All of the data below needs to be set down again, exactly as shown.

——

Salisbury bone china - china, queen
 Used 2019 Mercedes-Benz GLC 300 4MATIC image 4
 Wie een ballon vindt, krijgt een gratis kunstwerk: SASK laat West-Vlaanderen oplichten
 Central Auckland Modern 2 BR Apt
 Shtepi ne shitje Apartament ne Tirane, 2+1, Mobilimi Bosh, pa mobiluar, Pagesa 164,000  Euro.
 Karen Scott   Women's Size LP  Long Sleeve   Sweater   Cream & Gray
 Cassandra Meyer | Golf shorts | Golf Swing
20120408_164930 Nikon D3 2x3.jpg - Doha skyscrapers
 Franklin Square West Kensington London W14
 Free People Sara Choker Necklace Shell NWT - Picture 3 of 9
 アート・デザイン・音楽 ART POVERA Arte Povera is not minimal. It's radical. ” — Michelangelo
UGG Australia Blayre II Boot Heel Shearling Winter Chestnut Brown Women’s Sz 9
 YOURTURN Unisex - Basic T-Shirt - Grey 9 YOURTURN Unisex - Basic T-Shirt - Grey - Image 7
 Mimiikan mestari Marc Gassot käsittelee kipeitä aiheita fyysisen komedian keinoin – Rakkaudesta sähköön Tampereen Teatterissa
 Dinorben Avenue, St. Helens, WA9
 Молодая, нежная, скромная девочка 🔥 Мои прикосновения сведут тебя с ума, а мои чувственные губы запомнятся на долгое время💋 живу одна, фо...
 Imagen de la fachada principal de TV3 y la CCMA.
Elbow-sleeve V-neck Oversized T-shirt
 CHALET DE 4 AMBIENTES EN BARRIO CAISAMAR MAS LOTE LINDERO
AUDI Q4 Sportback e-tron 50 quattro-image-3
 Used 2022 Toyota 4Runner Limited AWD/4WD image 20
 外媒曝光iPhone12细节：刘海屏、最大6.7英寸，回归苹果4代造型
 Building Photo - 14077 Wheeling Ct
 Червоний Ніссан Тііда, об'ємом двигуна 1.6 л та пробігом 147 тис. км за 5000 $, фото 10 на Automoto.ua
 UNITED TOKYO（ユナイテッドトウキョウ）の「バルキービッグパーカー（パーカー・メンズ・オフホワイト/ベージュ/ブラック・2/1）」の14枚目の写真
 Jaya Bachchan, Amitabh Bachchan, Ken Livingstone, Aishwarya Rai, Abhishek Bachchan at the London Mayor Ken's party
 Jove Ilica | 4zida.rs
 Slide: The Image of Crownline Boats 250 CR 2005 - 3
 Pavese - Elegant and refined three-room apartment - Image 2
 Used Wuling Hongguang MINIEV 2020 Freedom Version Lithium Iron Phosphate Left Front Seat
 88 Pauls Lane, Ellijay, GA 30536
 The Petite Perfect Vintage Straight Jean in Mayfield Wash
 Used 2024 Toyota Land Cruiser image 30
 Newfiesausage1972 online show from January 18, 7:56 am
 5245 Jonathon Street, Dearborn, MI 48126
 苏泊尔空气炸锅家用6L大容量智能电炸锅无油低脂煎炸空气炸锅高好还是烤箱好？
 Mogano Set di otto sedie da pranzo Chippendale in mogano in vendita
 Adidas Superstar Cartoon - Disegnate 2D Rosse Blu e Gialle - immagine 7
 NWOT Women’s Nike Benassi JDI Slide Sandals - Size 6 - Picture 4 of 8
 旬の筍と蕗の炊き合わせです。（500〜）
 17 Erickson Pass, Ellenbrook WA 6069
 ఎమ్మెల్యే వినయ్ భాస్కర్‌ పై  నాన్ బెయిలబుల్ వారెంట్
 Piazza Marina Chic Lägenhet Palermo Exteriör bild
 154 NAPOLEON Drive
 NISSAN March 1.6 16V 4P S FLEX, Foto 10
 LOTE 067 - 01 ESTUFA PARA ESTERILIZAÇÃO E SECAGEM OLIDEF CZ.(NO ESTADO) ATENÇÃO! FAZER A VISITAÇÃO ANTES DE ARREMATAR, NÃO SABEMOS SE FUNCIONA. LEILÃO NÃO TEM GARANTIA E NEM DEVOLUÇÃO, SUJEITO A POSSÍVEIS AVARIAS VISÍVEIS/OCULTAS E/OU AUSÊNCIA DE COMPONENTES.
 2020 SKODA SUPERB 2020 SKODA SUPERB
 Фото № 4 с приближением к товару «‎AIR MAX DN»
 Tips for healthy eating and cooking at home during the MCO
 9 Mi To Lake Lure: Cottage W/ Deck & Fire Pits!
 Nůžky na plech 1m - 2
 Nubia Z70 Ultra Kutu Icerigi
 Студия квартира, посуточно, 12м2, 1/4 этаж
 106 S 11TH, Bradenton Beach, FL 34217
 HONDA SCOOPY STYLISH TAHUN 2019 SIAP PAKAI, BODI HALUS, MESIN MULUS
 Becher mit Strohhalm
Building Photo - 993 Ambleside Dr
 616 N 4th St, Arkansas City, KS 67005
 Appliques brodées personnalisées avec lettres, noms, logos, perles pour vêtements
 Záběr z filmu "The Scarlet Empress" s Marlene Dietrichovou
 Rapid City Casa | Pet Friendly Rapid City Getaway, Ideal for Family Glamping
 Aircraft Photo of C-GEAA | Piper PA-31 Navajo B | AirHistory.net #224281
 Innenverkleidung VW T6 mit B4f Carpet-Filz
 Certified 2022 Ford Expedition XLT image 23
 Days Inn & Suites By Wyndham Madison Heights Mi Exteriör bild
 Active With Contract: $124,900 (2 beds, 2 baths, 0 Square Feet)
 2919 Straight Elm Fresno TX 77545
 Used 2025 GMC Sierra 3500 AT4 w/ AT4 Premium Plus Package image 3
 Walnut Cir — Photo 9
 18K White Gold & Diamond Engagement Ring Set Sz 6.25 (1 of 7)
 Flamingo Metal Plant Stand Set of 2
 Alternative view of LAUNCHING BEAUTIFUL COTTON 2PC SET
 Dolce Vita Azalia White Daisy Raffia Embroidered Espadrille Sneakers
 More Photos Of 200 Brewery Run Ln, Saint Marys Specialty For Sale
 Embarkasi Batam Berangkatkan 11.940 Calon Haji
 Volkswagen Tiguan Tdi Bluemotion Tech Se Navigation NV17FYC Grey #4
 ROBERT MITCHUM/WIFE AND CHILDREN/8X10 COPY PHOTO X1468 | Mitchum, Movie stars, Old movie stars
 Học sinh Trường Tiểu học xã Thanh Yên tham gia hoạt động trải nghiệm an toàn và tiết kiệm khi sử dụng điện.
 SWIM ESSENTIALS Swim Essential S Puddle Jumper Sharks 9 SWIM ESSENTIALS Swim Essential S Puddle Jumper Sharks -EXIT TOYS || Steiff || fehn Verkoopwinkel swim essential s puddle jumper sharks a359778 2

——

__Solution to this task__.
Salisbury bone china - china, queen
 Used 2019 Mercedes-Benz GLC 300 4MATIC image 4
 Wie een ballon vindt, krijgt een gratis kunstwerk: SASK laat West-Vlaanderen oplichten
 Central Auckland Modern 2 BR Apt
 Shtepi ne shitje Apartament ne Tirane, 2+1, Mobilimi Bosh, pa mobiluar, Pagesa 164,000  Euro.
 Karen Scott   Women's Size LP  Long Sleeve   Sweater   Cream & Gray
 Cassandra Meyer | Golf shorts | Golf Swing
20120408_164930 Nikon D3 2x3.jpg - Doha skyscrapers
 Franklin Square West Kensington London W14
 Free People Sara Choker Necklace Shell NWT - Picture 3 of 9
 アート・デザイン・音楽 ART POVERA Arte Povera is not minimal. It's radical. ” — Michelangelo
UGG Australia Blayre II Boot Heel Shearling Winter Chestnut Brown Women’s Sz 9
 YOURTURN Unisex - Basic T-Shirt - Grey 9 YOURTURN Unisex - Basic T-Shirt - Grey - Image 7
 Mimiikan mestari Marc Gassot käsittelee kipeitä aiheita fyysisen komedian keinoin – Rakkaudesta sähköön Tampereen Teatterissa
 Dinorben Avenue, St. Helens, WA9
 Молодая, нежная, скромная девочка 🔥 Мои прикосновения сведут тебя с ума, а мои чувственные губы запомнятся на долгое время💋 живу одна, фо...
 Imagen de la fachada principal de TV3 y la CCMA.
Elbow-sleeve V-neck Oversized T-shirt
 CHALET DE 4 AMBIENTES EN BARRIO CAISAMAR MAS LOTE LINDERO
AUDI Q4 Sportback e-tron 50 quattro-image-3
 Used 2022 Toyota 4Runner Limited AWD/4WD image 20
 外媒曝光iPhone12细节：刘海屏、最大6.7英寸，回归苹果4代造型
 Building Photo - 14077 Wheeling Ct
 Червоний Ніссан Тііда, об'ємом двигуна 1.6 л та пробігом 147 тис. км за 5000 $, фото 10 на Automoto.ua
 UNITED TOKYO（ユナイテッドトウキョウ）の「バルキービッグパーカー（パーカー・メンズ・オフホワイト/ベージュ/ブラック・2/1）」の14枚目の写真
 Jaya Bachchan, Amitabh Bachchan, Ken Livingstone, Aishwarya Rai, Abhishek Bachchan at the London Mayor Ken's party
 Jove Ilica | 4zida.rs
 Slide: The Image of Crownline Boats 250 CR 2005 - 3
 Pavese - Elegant and refined three-room apartment - Image 2
 Used Wuling Hongguang MINIEV 2020 Freedom Version Lithium Iron Phosphate Left Front Seat
 88 Pauls Lane, Ellijay, GA 30536
 The Petite Perfect Vintage Straight Jean in Mayfield Wash
 Used 2024 Toyota Land Cruiser image 30
 Newfiesausage1972 online show from January 18, 7:56 am
 5245 Jonathon Street, Dearborn, MI 48126
 苏泊尔空气炸锅家用6L大容量智能电炸锅无油低脂煎炸空气炸锅高好还是烤箱好？
 Mogano Set di otto sedie da pranzo Chippendale in mogano in vendita
 Adidas Superstar Cartoon - Disegnate 2D Rosse Blu e Gialle - immagine 7
 NWOT Women’s Nike Benassi JDI Slide Sandals - Size 6 - Picture 4 of 8
 旬の筍と蕗の炊き合わせです。（500〜）
 17 Erickson Pass, Ellenbrook WA 6069
 ఎమ్మెల్యే వినయ్ భాస్కర్‌ పై  నాన్ బెయిలబుల్ వారెంట్
 Piazza Marina Chic Lägenhet Palermo Exteriör bild
 154 NAPOLEON Drive
 NISSAN March 1.6 16V 4P S FLEX, Foto 10
 LOTE 067 - 01 ESTUFA PARA ESTERILIZAÇÃO E SECAGEM OLIDEF CZ.(NO ESTADO) ATENÇÃO! FAZER A VISITAÇÃO ANTES DE ARREMATAR, NÃO SABEMOS SE FUNCIONA. LEILÃO NÃO TEM GARANTIA E NEM DEVOLUÇÃO, SUJEITO A POSSÍVEIS AVARIAS VISÍVEIS/OCULTAS E/OU AUSÊNCIA DE COMPONENTES.
 2020 SKODA SUPERB 2020 SKODA SUPERB
 Фото № 4 с приближением к товару «‎AIR MAX DN»
 Tips for healthy eating and cooking at home during the MCO
 9 Mi To Lake Lure: Cottage W/ Deck & Fire Pits!
 Nůžky na plech 1m - 2
 Nubia Z70 Ultra Kutu Icerigi
 Студия квартира, посуточно, 12м2, 1/4 этаж
 106 S 11TH, Bradenton Beach, FL 34217
 HONDA SCOOPY STYLISH TAHUN 2019 SIAP PAKAI, BODI HALUS, MESIN MULUS
 Becher mit Strohhalm
Building Photo - 993 Ambleside Dr
 616 N 4th St, Arkansas City, KS 67005
 Appliques brodées personnalisées avec lettres, noms, logos, perles pour vêtements
 Záběr z filmu "The Scarlet Empress" s Marlene Dietrichovou
 Rapid City Casa | Pet Friendly Rapid City Getaway, Ideal for Family Glamping
 Aircraft Photo of C-GEAA | Piper PA-31 Navajo B | AirHistory.net #224281
 Innenverkleidung VW T6 mit B4f Carpet-Filz
 Certified 2022 Ford Expedition XLT image 23
 Days Inn & Suites By Wyndham Madison Heights Mi Exteriör bild
 Active With Contract: $124,900 (2 beds, 2 baths, 0 Square Feet)
 2919 Straight Elm Fresno TX 77545
 Used 2025 GMC Sierra 3500 AT4 w/ AT4 Premium Plus Package image 3
 Walnut Cir — Photo 9
 18K White Gold & Diamond Engagement Ring Set Sz 6.25 (1 of 7)
 Flamingo Metal Plant Stand Set of 2
 Alternative view of LAUNCHING BEAUTIFUL COTTON 2PC SET
 Dolce Vita Azalia White Daisy Raffia Embroidered Espadrille Sneakers
 More Photos Of 200 Brewery Run Ln, Saint Marys Specialty For Sale
 Embarkasi Batam Berangkatkan 11.940 Calon Haji
 Volkswagen Tiguan Tdi Bluemotion Tech Se Navigation NV17FYC Grey #4
 ROBERT MITCHUM/WIFE AND CHILDREN/8X10 COPY PHOTO X1468 | Mitchum, Movie stars, Old movie stars
 Học sinh Trường Tiểu học xã Thanh Yên tham gia hoạt động trải nghiệm an toàn và tiết kiệm khi sử dụng điện.
 SWIM ESSENTIALS Swim Essential S Puddle Jumper Sharks 9 SWIM ESSENTIALS Swim Essential S Puddle Jumper Sharks -EXIT TOYS || Steiff || fehn Verkoopwinkel swim essential s puddle jumper sharks a359778 2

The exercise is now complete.